Input data
━━━━━━

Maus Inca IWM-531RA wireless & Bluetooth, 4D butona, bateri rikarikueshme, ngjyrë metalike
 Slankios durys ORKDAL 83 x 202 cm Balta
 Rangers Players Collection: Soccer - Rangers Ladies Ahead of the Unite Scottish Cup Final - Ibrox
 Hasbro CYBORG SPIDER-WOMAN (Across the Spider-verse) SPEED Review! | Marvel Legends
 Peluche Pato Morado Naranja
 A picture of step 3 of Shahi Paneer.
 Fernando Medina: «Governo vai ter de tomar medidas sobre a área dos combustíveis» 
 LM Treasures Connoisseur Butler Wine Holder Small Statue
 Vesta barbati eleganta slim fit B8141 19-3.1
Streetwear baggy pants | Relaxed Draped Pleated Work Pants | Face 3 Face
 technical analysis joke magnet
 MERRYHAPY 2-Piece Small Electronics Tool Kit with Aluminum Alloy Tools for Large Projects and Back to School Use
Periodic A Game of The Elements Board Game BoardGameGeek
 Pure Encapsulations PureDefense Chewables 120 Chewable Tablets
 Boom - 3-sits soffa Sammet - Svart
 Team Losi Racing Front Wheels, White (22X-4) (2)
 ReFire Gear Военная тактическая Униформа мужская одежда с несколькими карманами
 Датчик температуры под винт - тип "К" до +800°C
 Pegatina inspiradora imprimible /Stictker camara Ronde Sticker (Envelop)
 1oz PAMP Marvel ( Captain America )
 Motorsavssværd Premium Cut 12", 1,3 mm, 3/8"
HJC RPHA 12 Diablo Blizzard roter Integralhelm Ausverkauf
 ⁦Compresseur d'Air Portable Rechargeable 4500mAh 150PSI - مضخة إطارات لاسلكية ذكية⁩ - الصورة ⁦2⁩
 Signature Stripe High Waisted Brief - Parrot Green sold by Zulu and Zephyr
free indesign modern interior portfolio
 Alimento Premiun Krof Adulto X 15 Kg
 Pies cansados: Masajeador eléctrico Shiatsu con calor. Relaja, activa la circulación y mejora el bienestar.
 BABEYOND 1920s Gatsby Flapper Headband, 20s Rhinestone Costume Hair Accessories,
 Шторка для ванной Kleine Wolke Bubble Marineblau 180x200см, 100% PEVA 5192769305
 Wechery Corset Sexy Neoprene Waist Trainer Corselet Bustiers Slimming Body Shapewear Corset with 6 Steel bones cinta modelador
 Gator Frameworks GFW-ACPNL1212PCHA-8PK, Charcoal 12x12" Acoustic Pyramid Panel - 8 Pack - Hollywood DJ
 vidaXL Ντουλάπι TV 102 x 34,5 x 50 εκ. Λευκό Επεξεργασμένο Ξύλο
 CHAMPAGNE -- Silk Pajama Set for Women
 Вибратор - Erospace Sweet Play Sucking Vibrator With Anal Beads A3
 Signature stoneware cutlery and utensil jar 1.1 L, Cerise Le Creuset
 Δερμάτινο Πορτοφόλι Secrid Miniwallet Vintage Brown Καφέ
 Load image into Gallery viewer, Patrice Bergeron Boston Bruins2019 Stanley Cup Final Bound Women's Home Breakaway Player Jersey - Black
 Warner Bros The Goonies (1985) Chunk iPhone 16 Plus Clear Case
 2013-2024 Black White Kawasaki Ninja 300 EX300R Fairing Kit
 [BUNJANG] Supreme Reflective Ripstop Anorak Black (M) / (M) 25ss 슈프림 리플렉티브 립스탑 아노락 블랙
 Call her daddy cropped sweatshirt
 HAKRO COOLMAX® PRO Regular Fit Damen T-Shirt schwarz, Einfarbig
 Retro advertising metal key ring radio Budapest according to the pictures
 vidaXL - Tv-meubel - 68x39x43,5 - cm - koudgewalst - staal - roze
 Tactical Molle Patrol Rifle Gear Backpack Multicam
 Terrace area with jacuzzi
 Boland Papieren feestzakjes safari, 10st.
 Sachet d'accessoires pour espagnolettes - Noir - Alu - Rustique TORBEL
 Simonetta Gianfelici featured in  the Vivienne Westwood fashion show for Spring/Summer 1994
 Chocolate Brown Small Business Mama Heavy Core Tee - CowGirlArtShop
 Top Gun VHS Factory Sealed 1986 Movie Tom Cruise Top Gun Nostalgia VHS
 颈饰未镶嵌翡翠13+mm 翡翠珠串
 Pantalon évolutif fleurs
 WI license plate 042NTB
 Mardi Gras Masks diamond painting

━━━━━━

Task to carry out
Your answer should consist only of the lines above between the line holding "Шторка для ванной" and the line holding "Δερμάτινο Πορτοφόλι Secrid", inclusive, each transcribed exactly.

Reply to the task
 Шторка для ванной Kleine Wolke Bubble Marineblau 180x200см, 100% PEVA 5192769305
 Wechery Corset Sexy Neoprene Waist Trainer Corselet Bustiers Slimming Body Shapewear Corset with 6 Steel bones cinta modelador
 Gator Frameworks GFW-ACPNL1212PCHA-8PK, Charcoal 12x12" Acoustic Pyramid Panel - 8 Pack - Hollywood DJ
 vidaXL Ντουλάπι TV 102 x 34,5 x 50 εκ. Λευκό Επεξεργασμένο Ξύλο
 CHAMPAGNE -- Silk Pajama Set for Women
 Вибратор - Erospace Sweet Play Sucking Vibrator With Anal Beads A3
 Signature stoneware cutlery and utensil jar 1.1 L, Cerise Le Creuset
 Δερμάτινο Πορτοφόλι Secrid Miniwallet Vintage Brown Καφέ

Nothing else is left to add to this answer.